- [ACTION ITEM] Give every line from the entries that contains "Design".

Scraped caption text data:
========================================

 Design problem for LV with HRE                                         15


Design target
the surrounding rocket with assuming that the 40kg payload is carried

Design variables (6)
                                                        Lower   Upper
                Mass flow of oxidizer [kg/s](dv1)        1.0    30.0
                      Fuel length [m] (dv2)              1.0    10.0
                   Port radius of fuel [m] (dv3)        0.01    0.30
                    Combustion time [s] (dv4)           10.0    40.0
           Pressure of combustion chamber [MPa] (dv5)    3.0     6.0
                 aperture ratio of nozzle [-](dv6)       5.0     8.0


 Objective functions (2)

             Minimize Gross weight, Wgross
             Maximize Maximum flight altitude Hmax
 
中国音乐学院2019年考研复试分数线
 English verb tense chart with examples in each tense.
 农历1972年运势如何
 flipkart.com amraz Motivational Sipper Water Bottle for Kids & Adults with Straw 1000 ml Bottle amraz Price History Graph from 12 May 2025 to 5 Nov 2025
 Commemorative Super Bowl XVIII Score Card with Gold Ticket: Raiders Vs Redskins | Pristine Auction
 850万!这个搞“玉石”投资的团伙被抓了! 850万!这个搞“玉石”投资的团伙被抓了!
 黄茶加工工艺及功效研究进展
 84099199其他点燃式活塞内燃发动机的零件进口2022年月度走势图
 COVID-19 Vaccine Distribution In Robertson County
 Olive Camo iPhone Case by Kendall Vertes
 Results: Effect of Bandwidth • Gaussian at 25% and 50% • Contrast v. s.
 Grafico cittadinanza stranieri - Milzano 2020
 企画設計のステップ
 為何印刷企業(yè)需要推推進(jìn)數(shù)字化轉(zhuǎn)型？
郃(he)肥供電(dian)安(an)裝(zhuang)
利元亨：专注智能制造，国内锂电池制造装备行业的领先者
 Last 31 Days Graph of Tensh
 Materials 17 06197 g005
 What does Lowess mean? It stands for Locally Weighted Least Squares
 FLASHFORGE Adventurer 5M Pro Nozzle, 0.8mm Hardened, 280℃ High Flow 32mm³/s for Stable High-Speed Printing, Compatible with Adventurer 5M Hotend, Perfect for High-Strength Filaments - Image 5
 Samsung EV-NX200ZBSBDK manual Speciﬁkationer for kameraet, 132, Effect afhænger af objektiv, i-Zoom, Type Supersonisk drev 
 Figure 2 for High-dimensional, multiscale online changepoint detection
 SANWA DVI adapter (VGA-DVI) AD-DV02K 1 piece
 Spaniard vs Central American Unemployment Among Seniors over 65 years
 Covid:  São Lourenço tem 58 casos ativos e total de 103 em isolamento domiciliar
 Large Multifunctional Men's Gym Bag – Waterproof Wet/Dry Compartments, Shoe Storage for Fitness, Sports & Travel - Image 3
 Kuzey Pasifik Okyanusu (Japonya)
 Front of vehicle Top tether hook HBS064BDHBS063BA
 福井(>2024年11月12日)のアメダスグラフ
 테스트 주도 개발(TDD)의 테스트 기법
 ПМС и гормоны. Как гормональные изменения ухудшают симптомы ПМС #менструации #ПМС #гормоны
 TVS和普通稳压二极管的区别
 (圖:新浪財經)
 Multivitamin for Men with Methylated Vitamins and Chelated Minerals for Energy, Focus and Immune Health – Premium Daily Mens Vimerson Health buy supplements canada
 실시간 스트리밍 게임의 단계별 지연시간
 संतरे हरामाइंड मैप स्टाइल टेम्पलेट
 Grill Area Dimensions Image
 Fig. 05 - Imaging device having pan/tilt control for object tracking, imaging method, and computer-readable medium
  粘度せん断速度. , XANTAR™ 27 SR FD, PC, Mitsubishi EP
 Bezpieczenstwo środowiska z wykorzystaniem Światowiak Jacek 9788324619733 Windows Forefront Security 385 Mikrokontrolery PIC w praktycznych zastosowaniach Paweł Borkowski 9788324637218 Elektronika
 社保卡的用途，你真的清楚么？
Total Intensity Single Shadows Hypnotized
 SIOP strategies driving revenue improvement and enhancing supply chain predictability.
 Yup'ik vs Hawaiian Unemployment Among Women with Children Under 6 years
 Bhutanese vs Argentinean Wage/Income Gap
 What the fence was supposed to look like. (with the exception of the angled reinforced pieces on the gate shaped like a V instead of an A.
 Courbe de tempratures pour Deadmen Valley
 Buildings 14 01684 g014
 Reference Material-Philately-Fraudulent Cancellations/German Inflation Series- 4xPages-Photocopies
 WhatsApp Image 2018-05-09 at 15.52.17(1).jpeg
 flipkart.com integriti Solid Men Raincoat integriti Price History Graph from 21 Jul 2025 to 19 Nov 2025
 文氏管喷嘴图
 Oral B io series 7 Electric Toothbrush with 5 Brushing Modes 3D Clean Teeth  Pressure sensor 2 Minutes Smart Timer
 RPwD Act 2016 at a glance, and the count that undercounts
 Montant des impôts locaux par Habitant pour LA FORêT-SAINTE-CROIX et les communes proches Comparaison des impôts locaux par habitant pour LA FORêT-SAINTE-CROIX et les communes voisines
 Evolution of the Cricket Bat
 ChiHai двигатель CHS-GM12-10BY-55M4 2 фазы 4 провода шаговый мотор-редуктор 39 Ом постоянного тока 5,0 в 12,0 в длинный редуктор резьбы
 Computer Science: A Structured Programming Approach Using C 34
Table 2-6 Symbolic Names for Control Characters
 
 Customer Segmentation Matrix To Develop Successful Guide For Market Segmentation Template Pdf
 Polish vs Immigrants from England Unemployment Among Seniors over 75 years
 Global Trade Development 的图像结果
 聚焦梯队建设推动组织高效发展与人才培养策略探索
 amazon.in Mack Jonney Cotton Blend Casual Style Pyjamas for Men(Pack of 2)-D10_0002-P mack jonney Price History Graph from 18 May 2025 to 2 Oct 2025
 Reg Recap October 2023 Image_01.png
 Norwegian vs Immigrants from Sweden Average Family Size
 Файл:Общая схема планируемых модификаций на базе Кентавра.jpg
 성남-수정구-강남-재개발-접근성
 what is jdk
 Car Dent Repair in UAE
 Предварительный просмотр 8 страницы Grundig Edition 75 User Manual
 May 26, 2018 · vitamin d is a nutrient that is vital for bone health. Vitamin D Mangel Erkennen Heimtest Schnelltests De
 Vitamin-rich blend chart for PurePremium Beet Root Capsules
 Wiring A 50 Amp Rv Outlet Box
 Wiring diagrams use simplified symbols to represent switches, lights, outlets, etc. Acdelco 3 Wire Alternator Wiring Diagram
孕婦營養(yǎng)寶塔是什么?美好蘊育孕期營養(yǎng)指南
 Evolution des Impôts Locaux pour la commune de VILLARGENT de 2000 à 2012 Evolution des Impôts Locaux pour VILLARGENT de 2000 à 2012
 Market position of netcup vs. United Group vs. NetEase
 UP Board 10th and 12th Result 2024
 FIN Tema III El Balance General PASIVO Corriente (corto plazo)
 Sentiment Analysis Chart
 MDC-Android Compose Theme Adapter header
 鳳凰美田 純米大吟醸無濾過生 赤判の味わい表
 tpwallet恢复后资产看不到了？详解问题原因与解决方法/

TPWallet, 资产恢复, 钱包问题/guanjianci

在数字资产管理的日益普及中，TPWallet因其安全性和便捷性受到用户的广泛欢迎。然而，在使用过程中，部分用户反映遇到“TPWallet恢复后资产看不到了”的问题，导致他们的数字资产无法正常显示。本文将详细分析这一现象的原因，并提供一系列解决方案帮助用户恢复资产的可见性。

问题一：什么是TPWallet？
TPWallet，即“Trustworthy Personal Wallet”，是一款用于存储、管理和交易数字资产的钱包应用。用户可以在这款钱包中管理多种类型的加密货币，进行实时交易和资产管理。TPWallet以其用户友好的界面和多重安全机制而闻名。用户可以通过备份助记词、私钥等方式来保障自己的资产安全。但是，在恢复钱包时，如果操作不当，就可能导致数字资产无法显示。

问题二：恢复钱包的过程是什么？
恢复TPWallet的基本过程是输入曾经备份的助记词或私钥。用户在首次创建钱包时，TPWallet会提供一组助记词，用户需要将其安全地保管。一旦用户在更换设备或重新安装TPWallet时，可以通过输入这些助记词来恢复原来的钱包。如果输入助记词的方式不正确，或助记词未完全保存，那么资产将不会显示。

========================================

- [RESPONSE TO THE EXERCISE]
 Design problem for LV with HRE                                         15
Design target
Design variables (6)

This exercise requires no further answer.